Que faudrait-il impérativement changer... tout de suite ?

Etant donné le caractère à la fois dangereux et souvent stupide des programmes 2008, toujours en vigueur, c'est évidemment à eux qu'il fallait s'attaquer en premier. L'idolâtrie manifestée depuis dix ans pour "l'ancien temps de l'école", a rigidifié encore des pratiques ancestrales plus que discutables.
Par exemple, depuis toujours, dans une majorité de classes, une "leçon" se fait à partir de questions posées aux élèves.
Comme si ceux-ci étaient censés pouvoir y répondre, donc comme s'ils savaient déjà l'essentiel de ce qu'ils ont à apprendre ! Et l'on voit les enseignants féliciter ceux qui répondent (ceux dont on dit alors qu'ils participent activement à la classe !). Si bien que, puisqu'il y a des élèves qui savent déjà, il devient inutile de prévoir des situations d'apprentissage : l'évaluation — enfin, la note, plutôt — va en tenir lieu. Et comme c'est essentiellement ce qu'attend l'Institution, on gagne ainsi un temps précieux.
Depuis soixante ans bientôt que je vois des classes, je suis outrée par cette habitude, ahurissante d'incohérence avec ce qu'est notre tâche d'enseignant. Ce n'est pas en contrôlant des savoirs qu'on les enseigne.
En fait, c'est même le contresens fondamental sur le métier, une interprétation absurde de la maIeutique socratique, une profonde incompréhension de ce que signifie "partir des savoirs-déjà-là des élèves". Il ne s'agit pas de "faire sortir" des élèves ces savoirs qui seraient enfouis en eux. Il ne s'agit pas non plus d'en vérifier l'existence pour y ajouter quelque chose.
Il s'agit de les faire évoluer — et sans avoir besoin de les vérifier d'abord — vers une solidité plus rigoureuse et plus scientifique. Et le seul moyen pour cela est, non de faire des cours en posant des questions, mais, en classe, de faire travailler les élèves, en petits groupes solidaires, sur des situations problématiques COMPLEXES, destinées à mettre à l'épreuve leurs savoirs. Cette mise à l'épreuve a comme but de provoquer à la fois une prise de conscience de ce qu'ils savent (il faut avoir conscience qu'on sait pour vouloir apprendre) et un besoin d'en savoir davantage. Rappelons au passage que la fameuse "motivation" qui manque tant aux élèves selon l'opinion publique, n'a rien à voir avec une "envie" : elle ne peut venir que d'un BESOIN, rendu conscient par un obstacle rencontré dans la réalisation d'un projet.
Etre enseignant, c'est donc savoir installer dans sa classe ces obstacles, savoir gérer les propositions de solutions des élèves, et pouvoir en tirer parti. Cela implique qu'on sache pourquoi et en quoi ils sont des obstacles pour ceux-ci, et qu'on ait appris à créer les situations permettant de les surmonter, l'objectif étant de mettre en question pour les modifier DE L'INTÉRIEUR, croyances et interprétations imparfaites ou erronées des élèves.
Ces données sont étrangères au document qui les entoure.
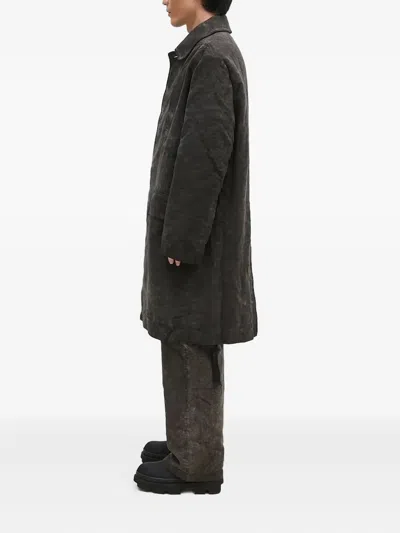 Rick Owens Drkshdw Buttoned Patch-pocket Coat In Brown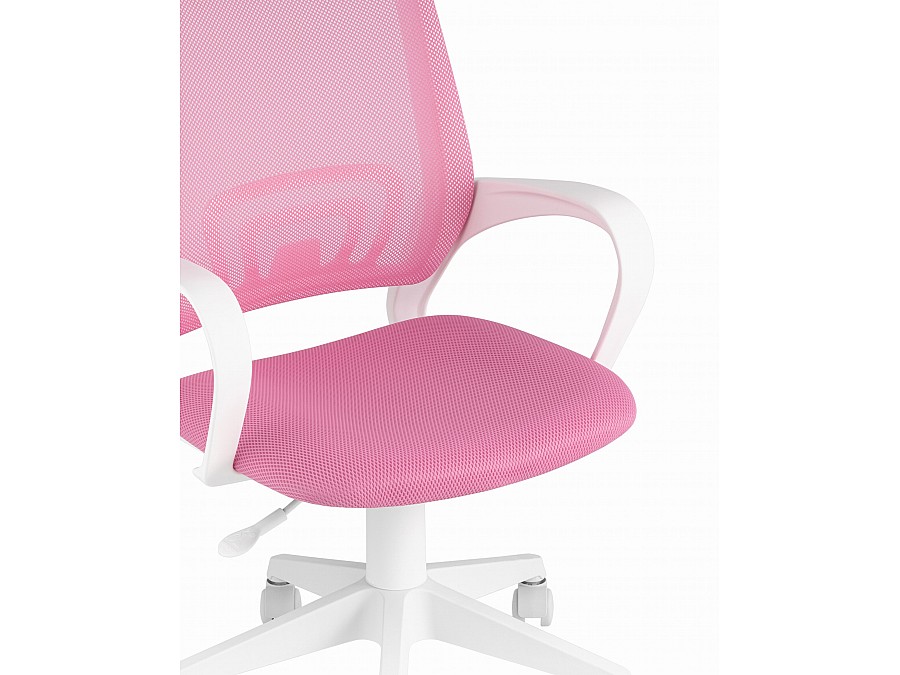 Кресло офисное TopChairs ST-BASIC-W розовый крестовина пластик белый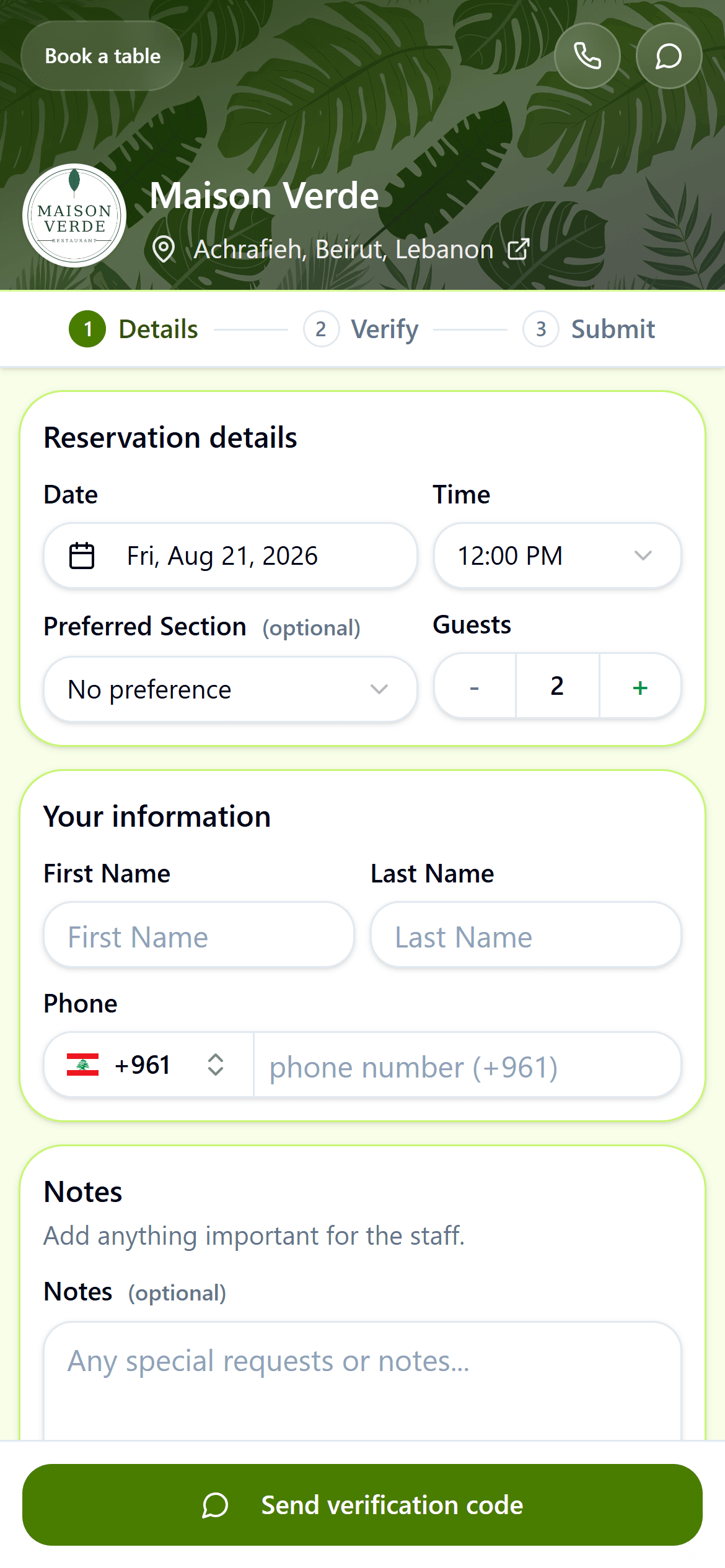 A restaurant's online mobile booking experience powered by Patronist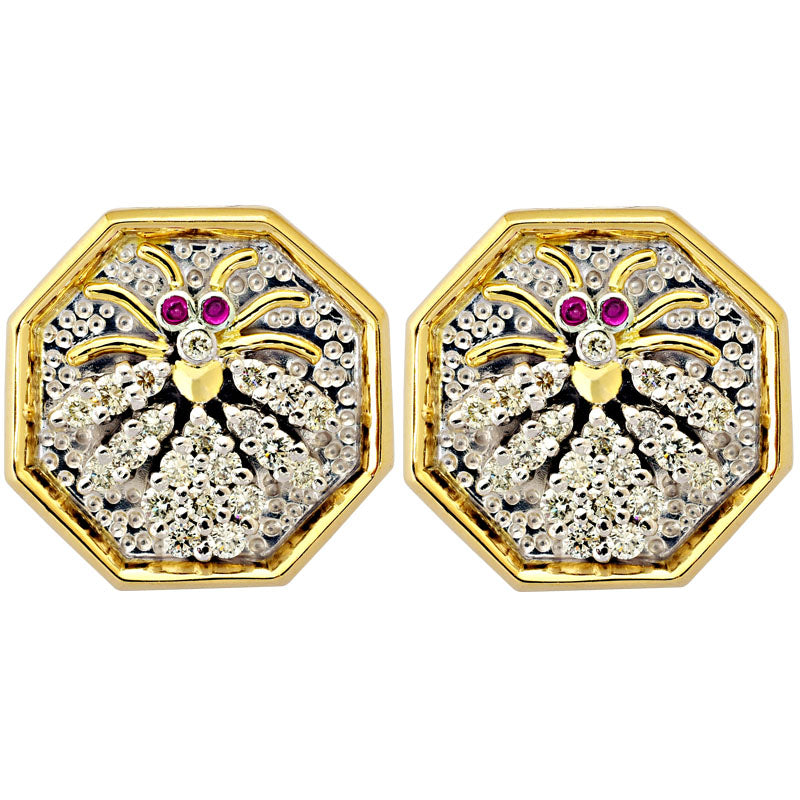 Earrings-Ruby and Diamond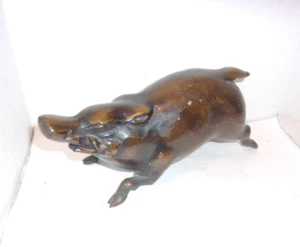 Figura de jabalí vintage de metal con tono bronce detallada - Imagen 1 de 9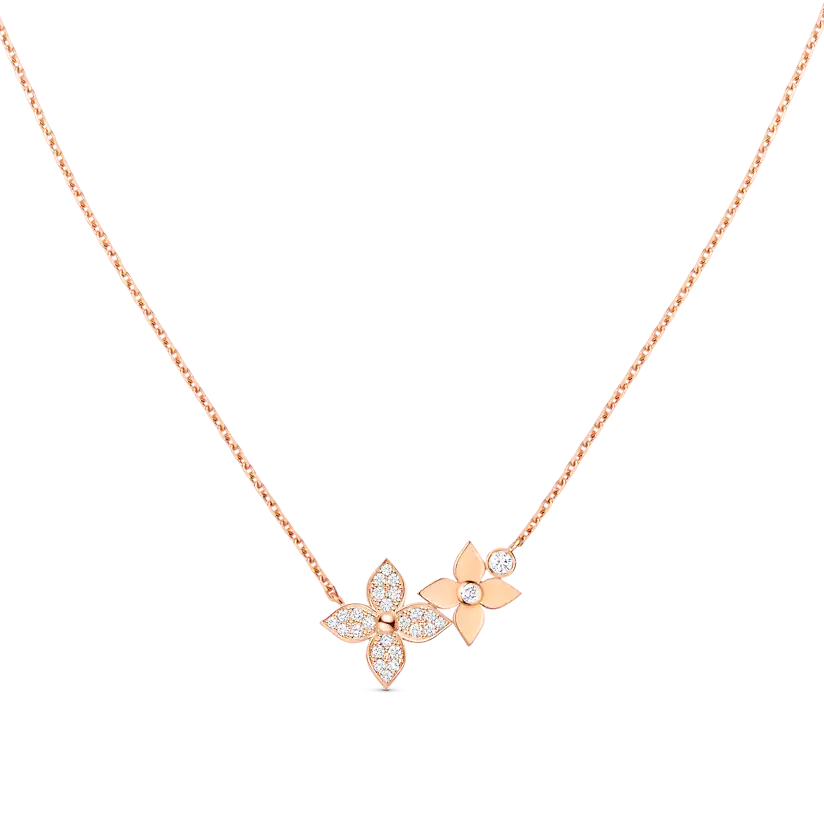 [Jesse jewelry]STAR BLOSSOM NECKLACE PINK GOLD DIAMONDS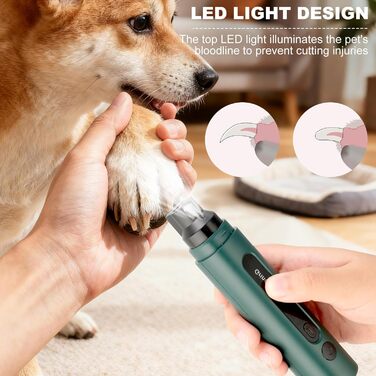 Електричний точило для собачих кігтів VINATO з LED-підсвічуванням, 5 швидкостей, тихе та перезаряджуване, для малих, середніх та великих собак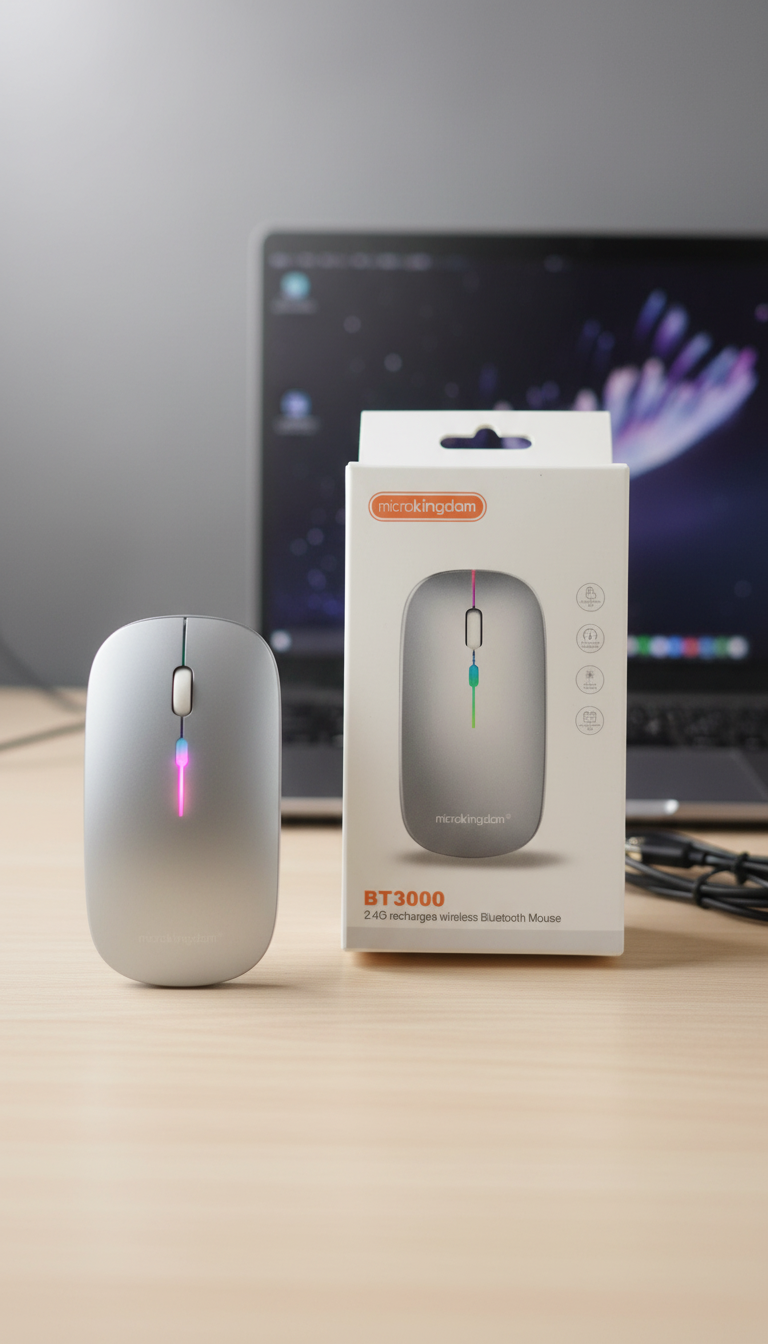 Microkingdom BT3000 Rechargeable Wireless Bluetooth Mouse | 2.4G Dual Mode | Silent Click | Slim Portable Design |
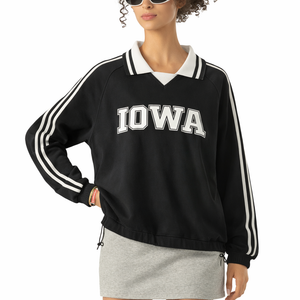 Iowa College Varsity Sweatshirt in Black / White — lifestyle 2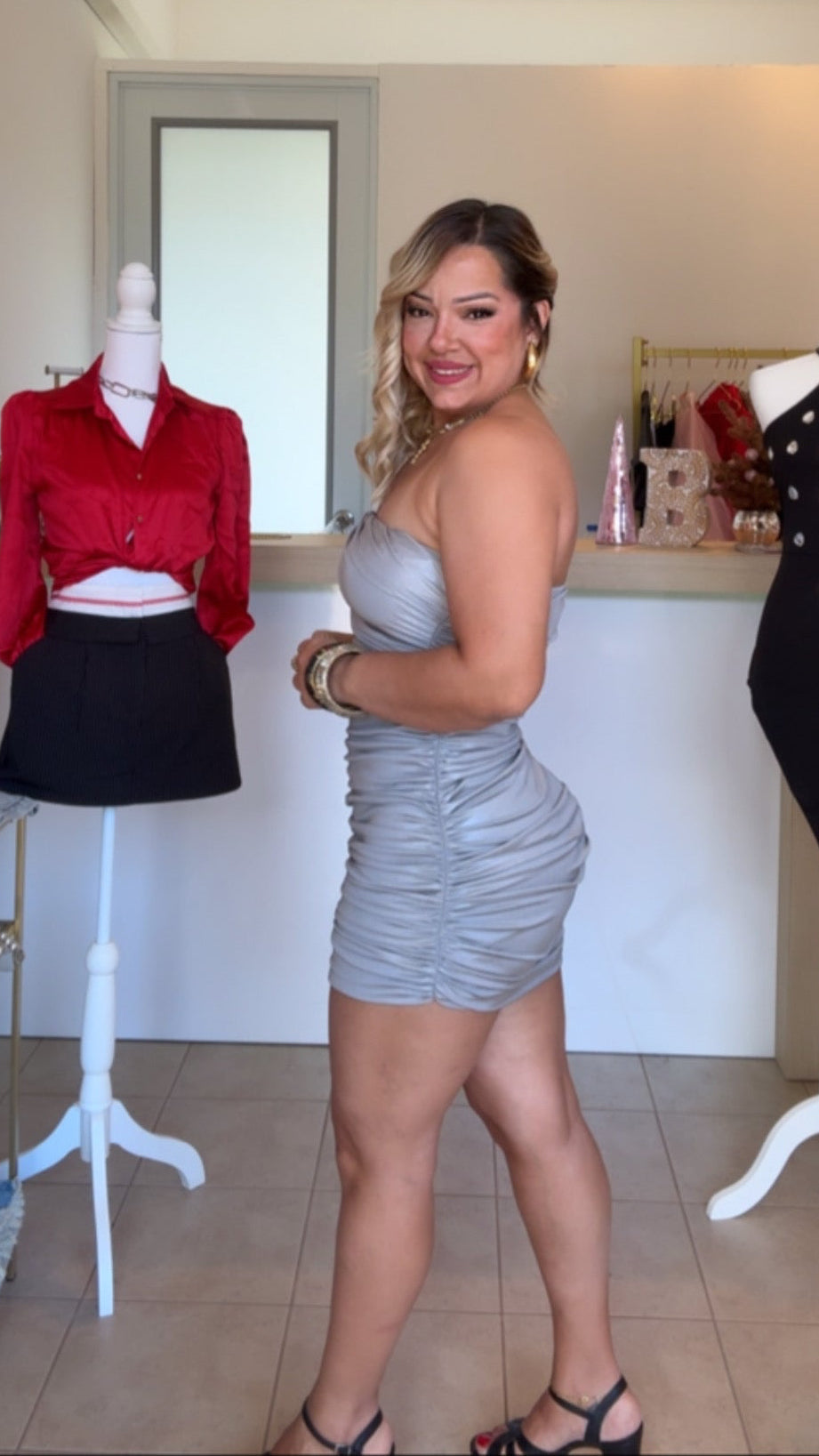 Tube Silver Mini Dress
Cela implique aussi qu'on sache exactement ce qu'on fait et à quoi sert ce qu'on fait faire aux élèves.
Il m'est souvent arrivé de demander, aux étudiants qui venaient de présenter une séance de travail, de me préciser quel était véritablement leur objectif d'apprentissage et à quel moment, dans leur séance, les enfants ont été en train d'apprendre ce qui était prévu. L'une comme l'autre de ces questions les laissait généralement décontenancés : on voyait bien que ce n'était pas là du tout leur préoccupation.

Inutile d'aller chercher plus loin les faiblesses d'une formation qui fabrique des enseignants que de telles questions étonnent. Incontestablement, les habitudes de formation reposent sur des erreurs.
A commencer par cette notion d'objectif d'une séance de travail : on tolère, voire on demande, que figure dans la préparation la liste des objectifs de la séance. C'est oublier qu'une séance de travail ne peut avoir qu'UN SEUL objectif, celui qui précise ce que les élèves vont y apprendre, construire ou approfondir une notion ou expérimenter des stratégies — nécessairement l'un OU l'autre, jamais les deux à la fois.
Les autres objectifs, ne sont jamais spécifiques à la séance ou ne sont pas du tout des objectifs, si ce sont des compétences MISES EN JEU dans la séance. Quand je mets en jeu une compétence, je ne suis pas en train de la construire. Je m'en sers, un point c'est tout. "Autant dire, comme disait un ami prof de gym, qu'on est en apprentissage de la course à pied, quand on court après l'autobus.".

Ensuite, on se trompe sur ce que l'enseignant a à transmettre : ce n'est pas le savoir à apprendre pour l'enfant (si je le lui transmets, comment fera-t-il pour l'apprendre ?), mais les moyens par lesquels il peut se l'apprendre lui-même. Nous ne sommes pas des enseignants de réponses, mais des enseignants de moyens de les trouver.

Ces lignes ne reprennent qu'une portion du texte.